In [66]: a1 = np.array([1, 2, 3])
In [67]: a2 = a1
In [68]: a3 = np.copy(a1)

In [69]: a1[0] = 10

In [70]: a2
Out[70]: array([10,  2,  3])

In [71]: a3
Out[71]: array([1,  2,  3])

In [72]: id(a1), id(a2), id(a3)
Out[72]: (140232405246480, 140232405246480, 140232405249744)

The NumPy library is huge, and we can’t possibly teach you every single feature it provides. So, you will often find yourself having to look up new methods and examples in the Numpy Reference. To help you get acquainted with the NumPy documentation, we have included below a few examples of functions we haven’t covered in class. It will be up to you to look them up in the documentation to understand exactly what they’re doing.

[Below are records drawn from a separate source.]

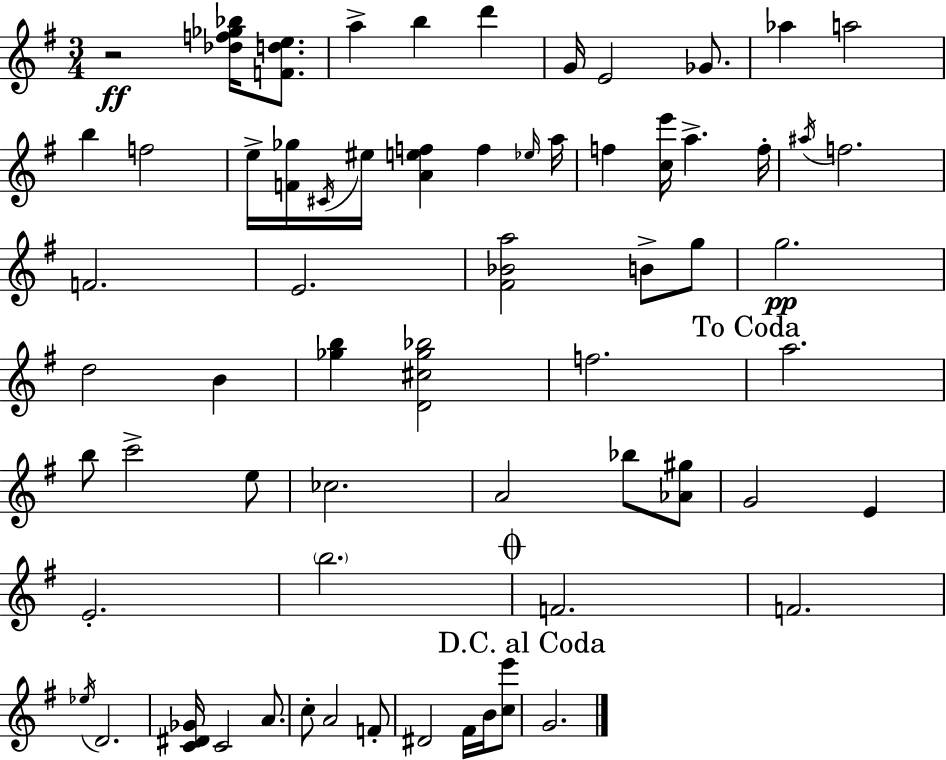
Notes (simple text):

R/h [Db5,F5,Gb5,Bb5]/s [F4,D5,E5]/e. A5/q B5/q D6/q G4/s E4/h Gb4/e. Ab5/q A5/h B5/q F5/h E5/s [F4,Gb5]/s C#4/s EIS5/s [A4,E5,F5]/q F5/q Eb5/s A5/s F5/q [C5,E6]/s A5/q. F5/s A#5/s F5/h. F4/h. E4/h. [F#4,Bb4,A5]/h B4/e G5/e G5/h. D5/h B4/q [Gb5,B5]/q [D4,C#5,Gb5,Bb5]/h F5/h. A5/h. B5/e C6/h E5/e CES5/h. A4/h Bb5/e [Ab4,G#5]/e G4/h E4/q E4/h. B5/h. F4/h. F4/h. Eb5/s D4/h. [C4,D#4,Gb4]/s C4/h A4/e. C5/e A4/h F4/e D#4/h F#4/s B4/s [C5,E6]/e G4/h.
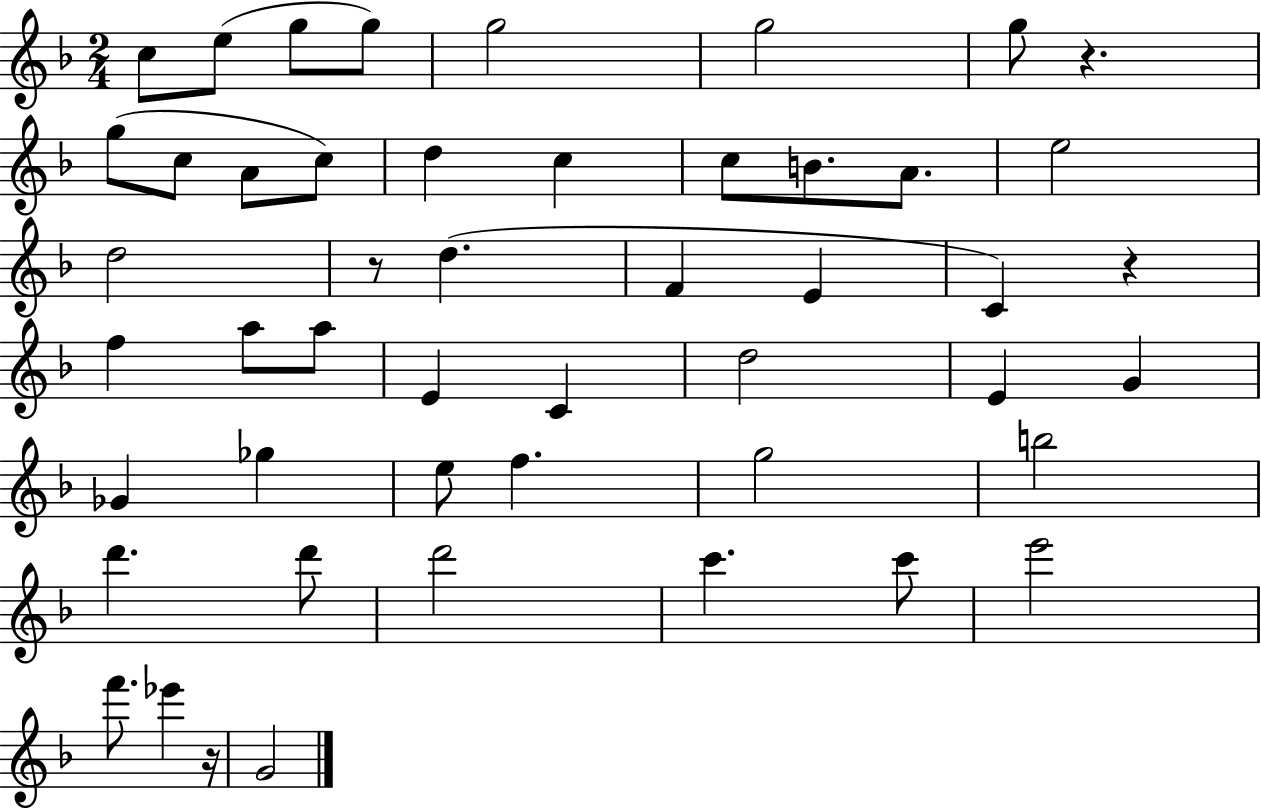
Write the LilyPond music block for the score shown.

{
  \clef treble
  \numericTimeSignature
  \time 2/4
  \key f \major
  c''8 e''8( g''8 g''8) | g''2 | g''2 | g''8 r4. | \break g''8( c''8 a'8 c''8) | d''4 c''4 | c''8 b'8. a'8. | e''2 | \break d''2 | r8 d''4.( | f'4 e'4 | c'4) r4 | \break f''4 a''8 a''8 | e'4 c'4 | d''2 | e'4 g'4 | \break ges'4 ges''4 | e''8 f''4. | g''2 | b''2 | \break d'''4. d'''8 | d'''2 | c'''4. c'''8 | e'''2 | \break f'''8. ees'''4 r16 | g'2 | \bar "|."
}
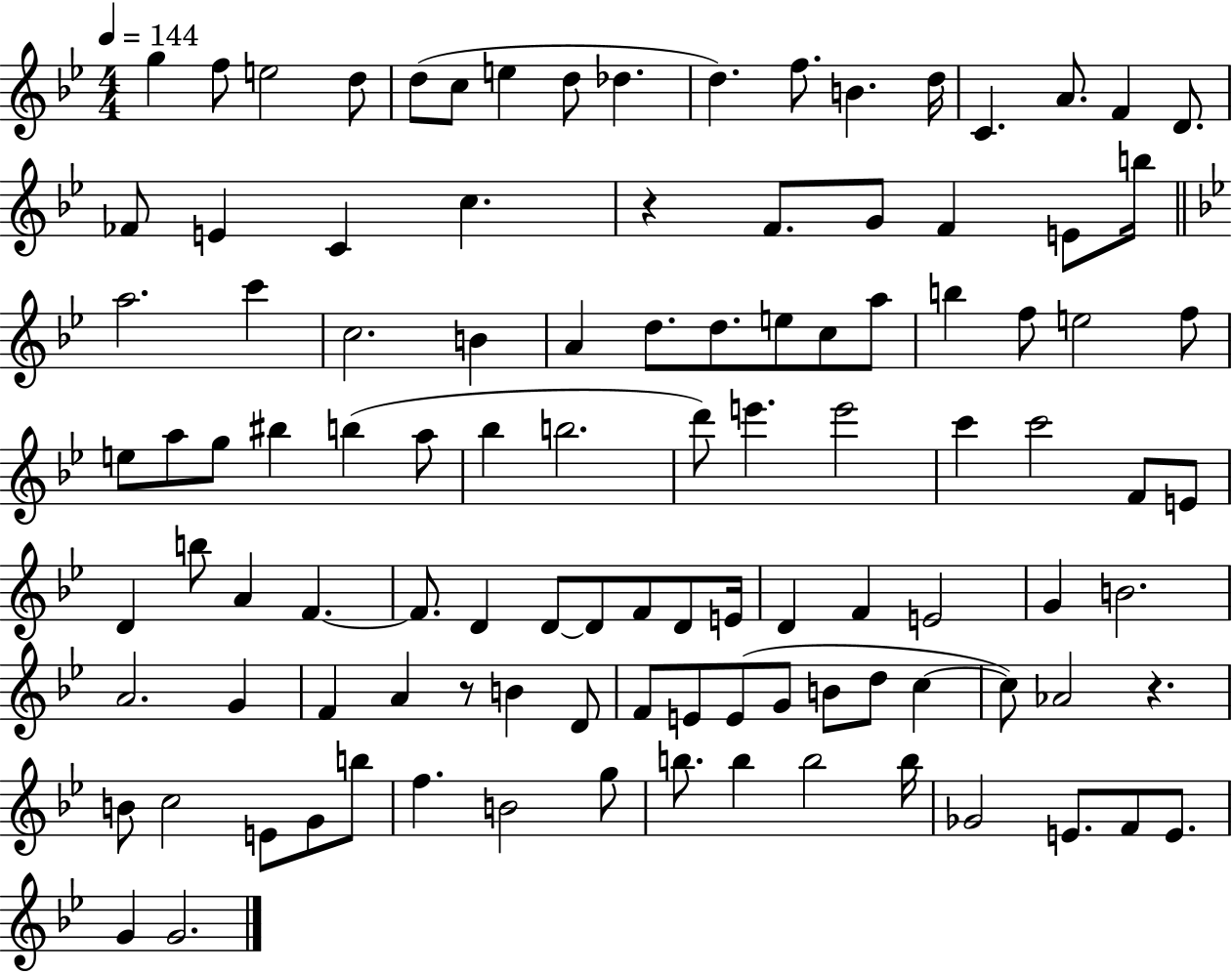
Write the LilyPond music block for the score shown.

{
  \clef treble
  \numericTimeSignature
  \time 4/4
  \key bes \major
  \tempo 4 = 144
  \repeat volta 2 { g''4 f''8 e''2 d''8 | d''8( c''8 e''4 d''8 des''4. | d''4.) f''8. b'4. d''16 | c'4. a'8. f'4 d'8. | \break fes'8 e'4 c'4 c''4. | r4 f'8. g'8 f'4 e'8 b''16 | \bar "||" \break \key bes \major a''2. c'''4 | c''2. b'4 | a'4 d''8. d''8. e''8 c''8 a''8 | b''4 f''8 e''2 f''8 | \break e''8 a''8 g''8 bis''4 b''4( a''8 | bes''4 b''2. | d'''8) e'''4. e'''2 | c'''4 c'''2 f'8 e'8 | \break d'4 b''8 a'4 f'4.~~ | f'8. d'4 d'8~~ d'8 f'8 d'8 e'16 | d'4 f'4 e'2 | g'4 b'2. | \break a'2. g'4 | f'4 a'4 r8 b'4 d'8 | f'8 e'8 e'8( g'8 b'8 d''8 c''4~~ | c''8) aes'2 r4. | \break b'8 c''2 e'8 g'8 b''8 | f''4. b'2 g''8 | b''8. b''4 b''2 b''16 | ges'2 e'8. f'8 e'8. | \break g'4 g'2. | } \bar "|."
}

What is the difference between np.min() and np.argmin()?

In [73]: a1 = np.array([3, 2, 6])
In [74]: np.min(a1)
Out[74]: 2

In [75]: np.argmin(a1)
Out[75]: 1

What is the difference between np.max() and np.argmax()?

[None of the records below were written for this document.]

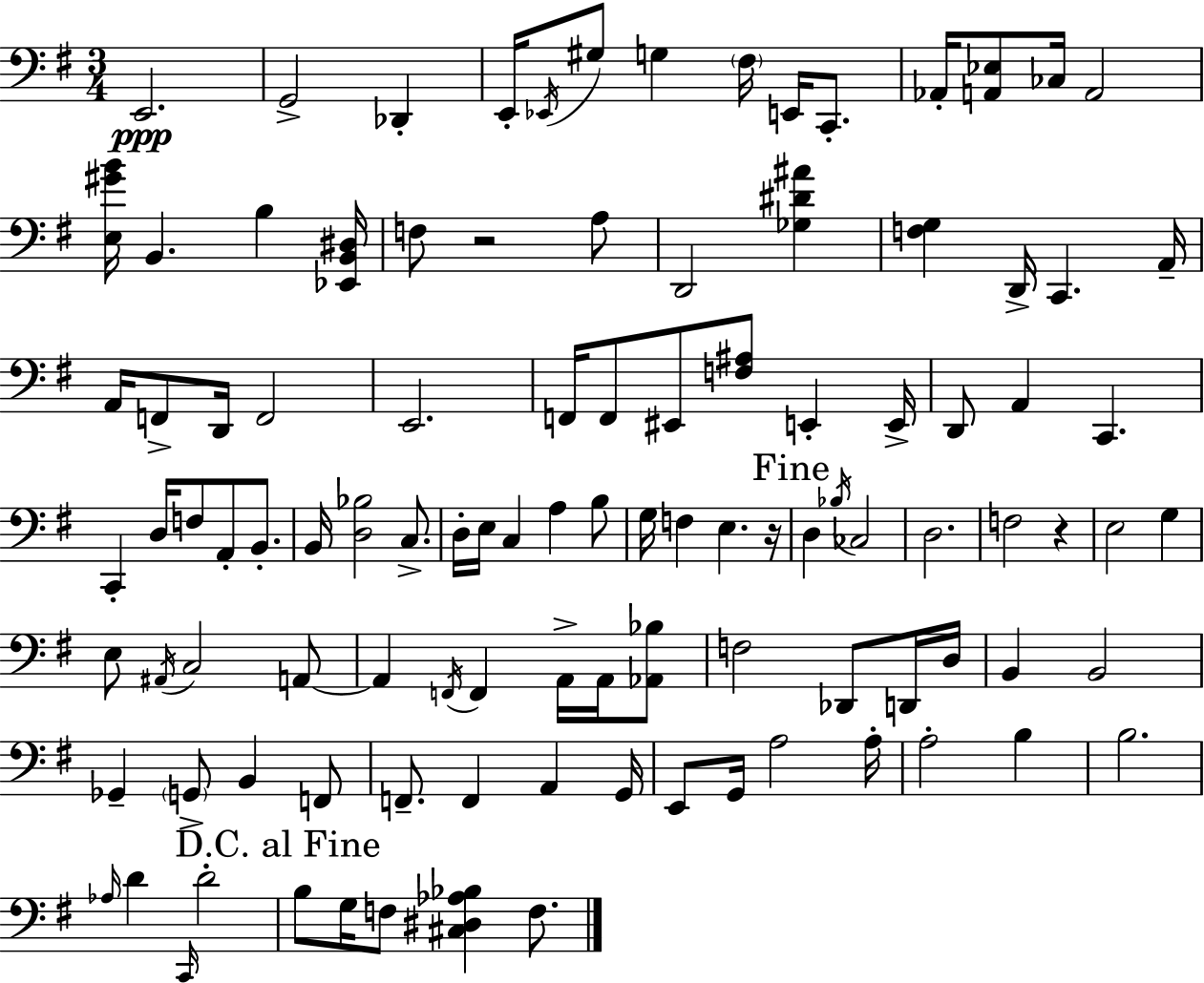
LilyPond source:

{
  \clef bass
  \numericTimeSignature
  \time 3/4
  \key e \minor
  e,2.\ppp | g,2-> des,4-. | e,16-. \acciaccatura { ees,16 } gis8 g4 \parenthesize fis16 e,16 c,8.-. | aes,16-. <a, ees>8 ces16 a,2 | \break <e gis' b'>16 b,4. b4 | <ees, b, dis>16 f8 r2 a8 | d,2 <ges dis' ais'>4 | <f g>4 d,16-> c,4. | \break a,16-- a,16 f,8-> d,16 f,2 | e,2. | f,16 f,8 eis,8 <f ais>8 e,4-. | e,16-> d,8 a,4 c,4. | \break c,4-. d16 f8 a,8-. b,8.-. | b,16 <d bes>2 c8.-> | d16-. e16 c4 a4 b8 | g16 f4 e4. | \break r16 \mark "Fine" d4 \acciaccatura { bes16 } ces2 | d2. | f2 r4 | e2 g4 | \break e8 \acciaccatura { ais,16 } c2 | a,8~~ a,4 \acciaccatura { f,16 } f,4 | a,16-> a,16 <aes, bes>8 f2 | des,8 d,16 d16 b,4 b,2 | \break ges,4-- \parenthesize g,8-> b,4 | f,8 f,8.-- f,4 a,4 | g,16 e,8 g,16 a2 | a16-. a2-. | \break b4 b2. | \grace { aes16 } d'4 \grace { c,16 } d'2-. | \mark "D.C. al Fine" b8 g16 f8 <cis dis aes bes>4 | f8. \bar "|."
}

In [76]: a1 = np.array([3, 2, 6])
In [77]: np.max(a1)
Out[77]: 6

In [78]: np.argmax(a1)
Out[78]: 2

What is the difference between np.where() and np.argwhere()?

In [79]: np.where(a1>2)
Out[79]: array([3, 6])

In [80]: a1[np.where(a1>2)]
Out[80]: array([3, 6])

In [81]: a1[a1>2]
Out[81]: array([3, 6])

In [82]: np.argwhere(a1>2)
Out[82]: array([[0],
                [2]])

In [83]: a = np.array([10, 20, 30])
In [83]: b = np.array([10, 30, 30])

In [84]: np.argwhere(a == b)
Out[84]: array([[0],
                [2]])


In [85]: np.argwhere(a == b).flatten()
Out[85]: array([0, 2])

When Finished

When you are finished with the tutorial, run the following commands from the linux command-line inside of your tt5 directory:

git add tt5.py
git commit -m "Finished with tt5"
git push

Again, following these steps will help ensure your repository is in a clean state and that your work is saved to GitHub.